• WHAT IS REQUIRED: Your reply should be the entries, output word for word, with each picture omitted.
*** GIVEN RECORDS ***
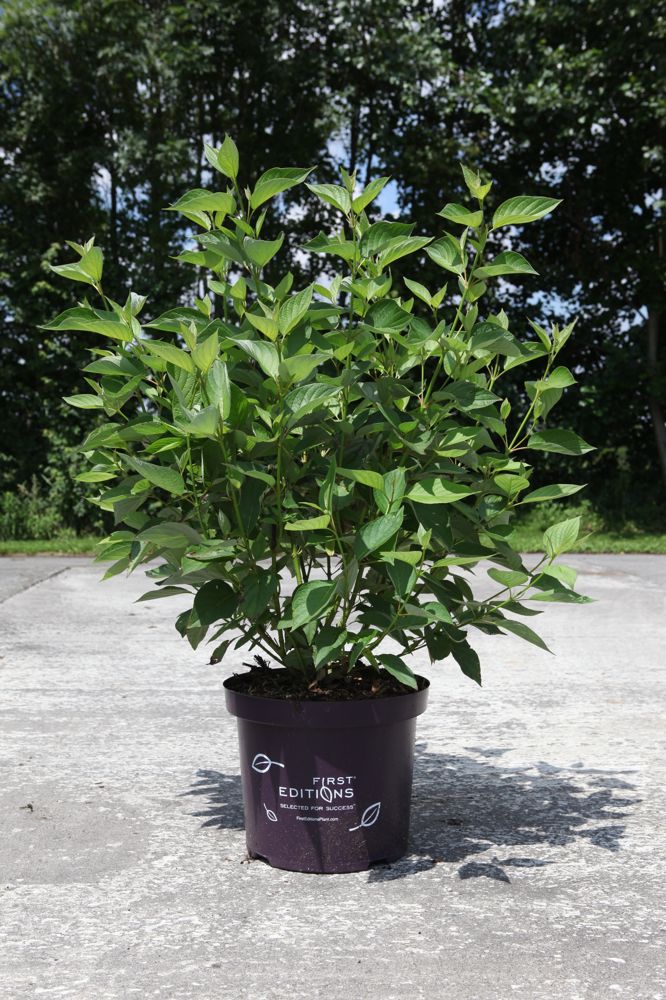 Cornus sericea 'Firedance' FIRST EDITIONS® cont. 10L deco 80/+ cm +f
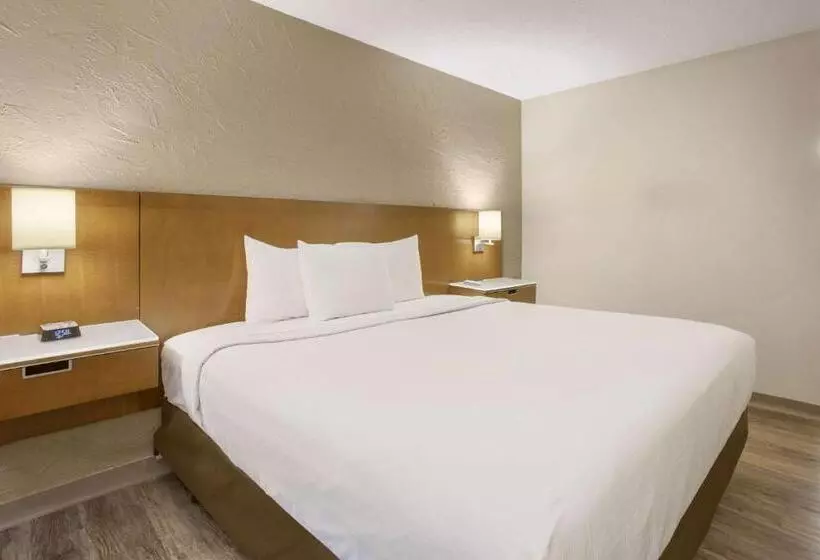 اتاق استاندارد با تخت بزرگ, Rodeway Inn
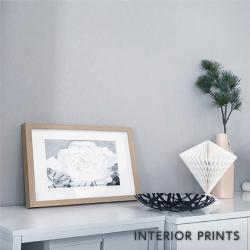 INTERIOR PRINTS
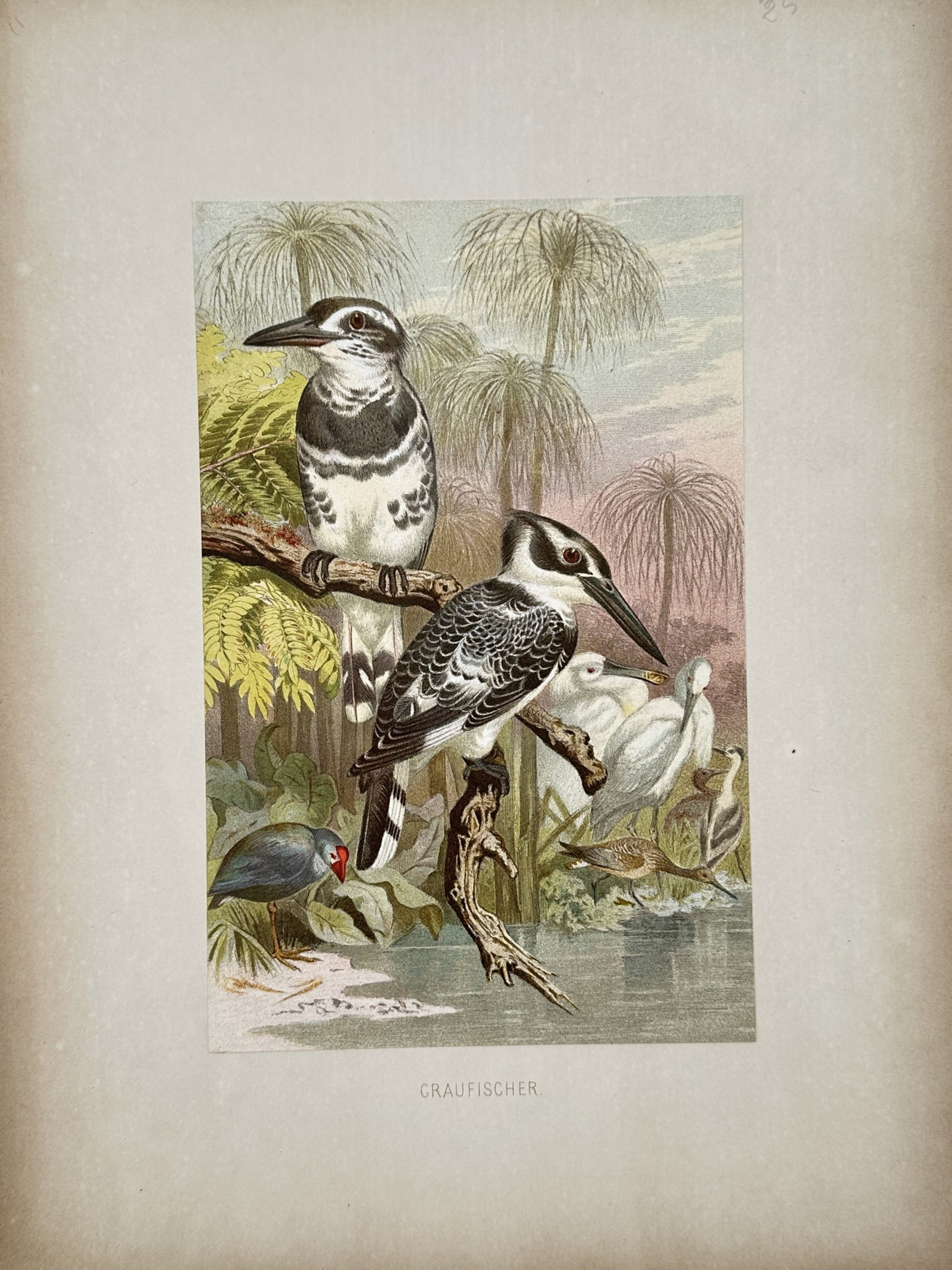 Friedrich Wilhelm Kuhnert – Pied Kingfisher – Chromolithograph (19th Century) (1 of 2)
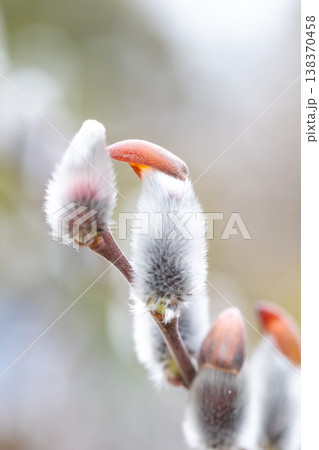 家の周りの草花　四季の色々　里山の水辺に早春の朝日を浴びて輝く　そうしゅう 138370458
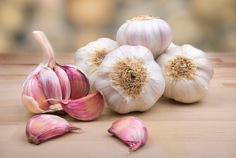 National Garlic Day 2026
*** End of GIVEN RECORDS ***
• RESPONSE TO THIS EXERCISE:
 Cornus sericea 'Firedance' FIRST EDITIONS® cont. 10L deco 80/+ cm +f
 اتاق استاندارد با تخت بزرگ, Rodeway Inn
 INTERIOR PRINTS
 Friedrich Wilhelm Kuhnert – Pied Kingfisher – Chromolithograph (19th Century) (1 of 2)
 家の周りの草花　四季の色々　里山の水辺に早春の朝日を浴びて輝く　そうしゅう 138370458
 National Garlic Day 2026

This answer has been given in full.